◆ **Records for the exercise**:

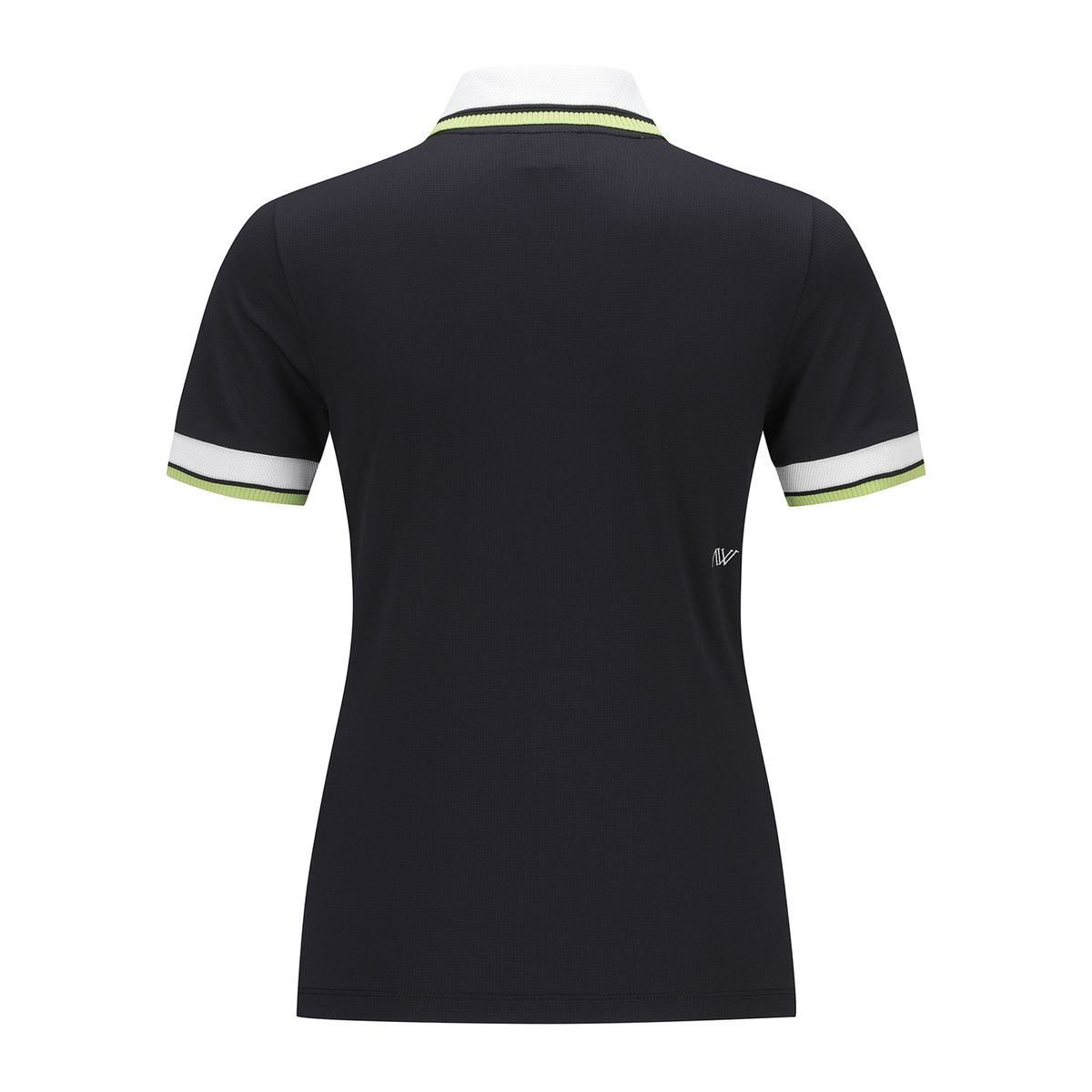 어뉴골프(ANEW GOLF) WOMEN ZIPPER POINT SHORT T-SHIRT_BK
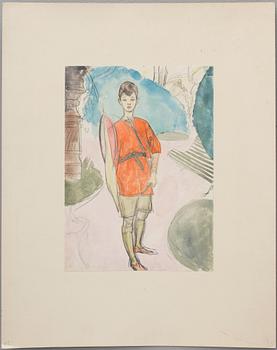 Isaac Grünewald · ISAAC GRÜNEWALD, akvarell.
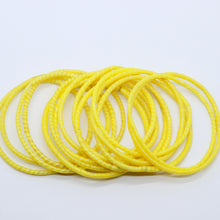 Load image into Gallery viewer, YELLOW BEACH BANGLES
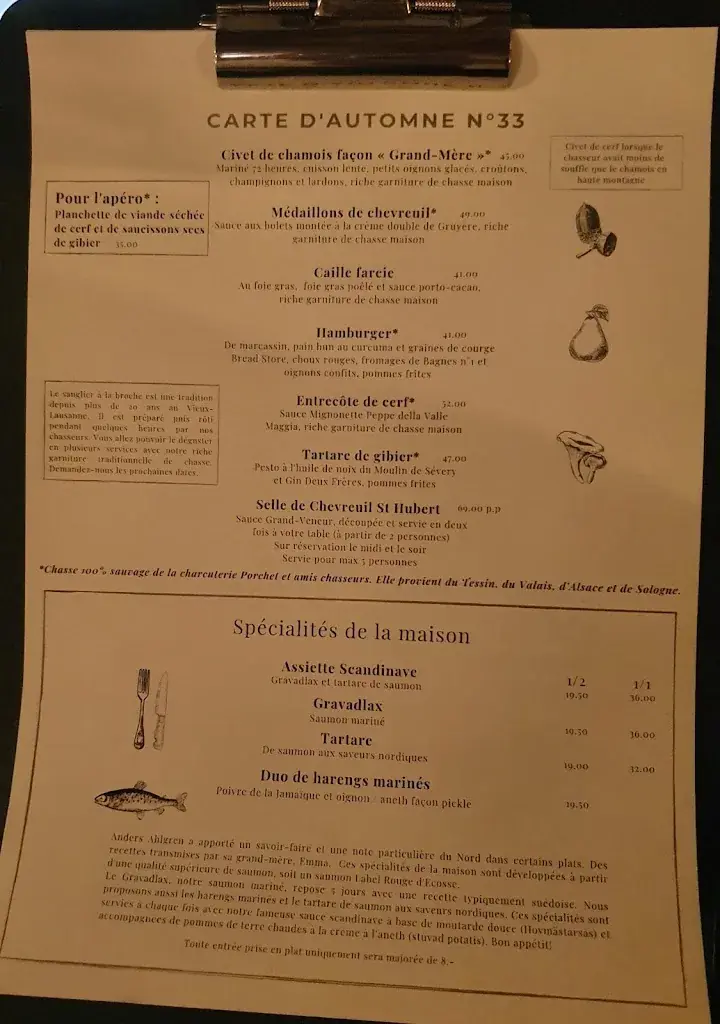 Vieux-Lausanne Restaurant & Giraf Bar_Lausanne_menu_image_1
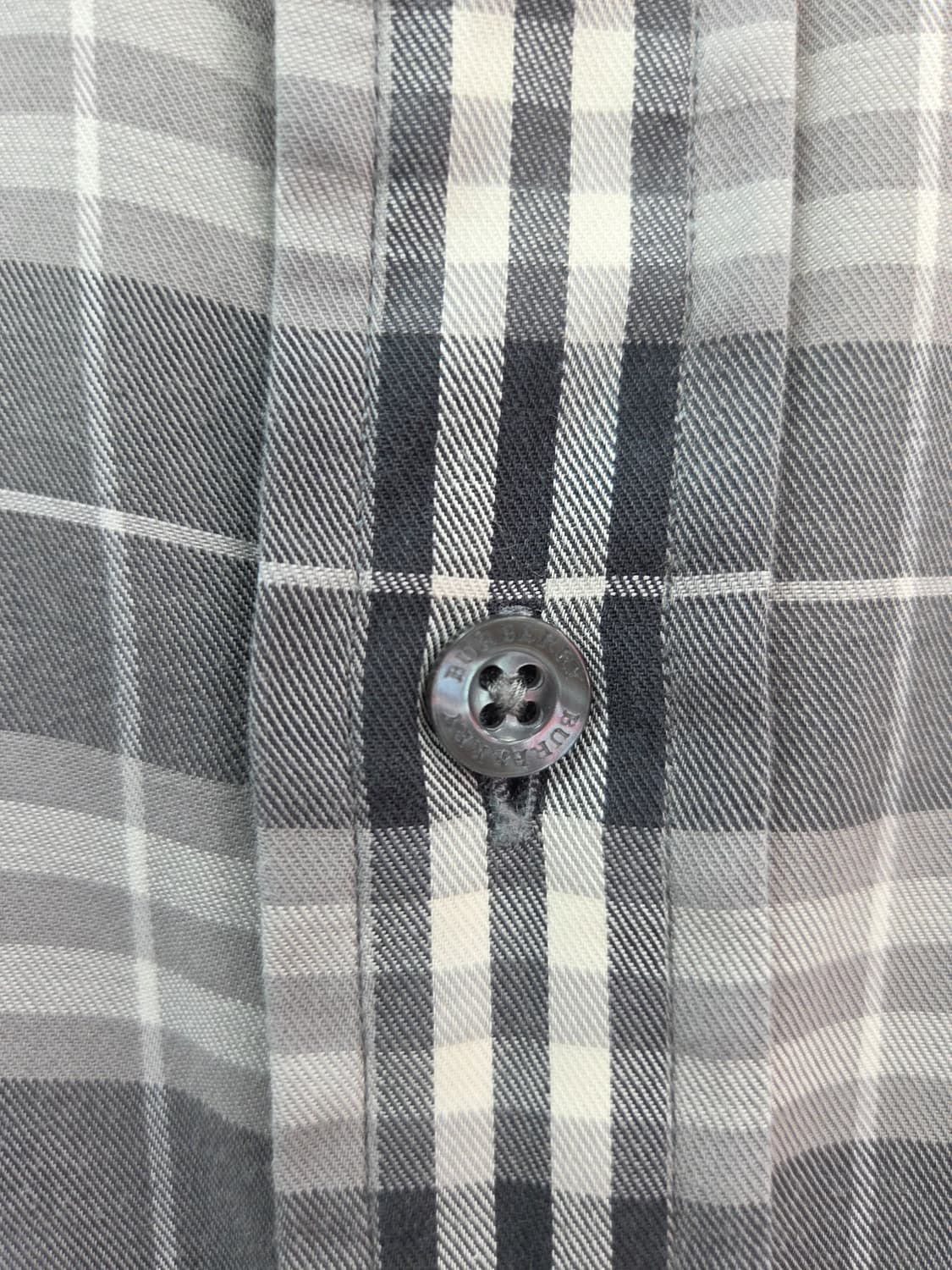 L 버버리 체크 남방 셔츠 상품이미지5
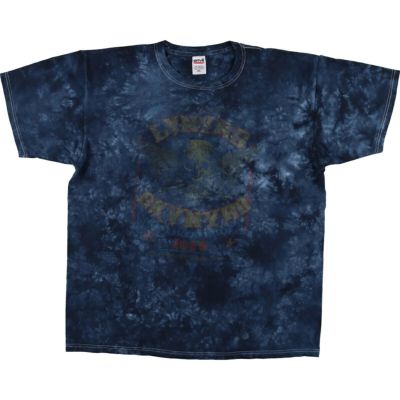 古着 アンビル Anvil LYNYRD SKYNYRD レーナードスキナード タイダイ柄 バンドTシャツ バンT メンズXL相当 /eaa478772 【中古】 【240822】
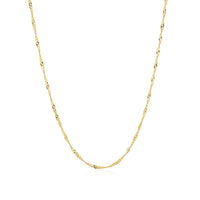 14k Yellow Gold Singapore Chain 1.5mm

◆ **What to do**: What is needed is an exact transcription of the lines from the one holding "Load image into" to the end of the data, with every picture left out.

◆ **Solution to this task**:
 Load image into Gallery viewer, YELLOW BEACH BANGLES
 Vieux-Lausanne Restaurant & Giraf Bar_Lausanne_menu_image_1
 L 버버리 체크 남방 셔츠 상품이미지5
 古着 アンビル Anvil LYNYRD SKYNYRD レーナードスキナード タイダイ柄 バンドTシャツ バンT メンズXL相当 /eaa478772 【中古】 【240822】
 14k Yellow Gold Singapore Chain 1.5mm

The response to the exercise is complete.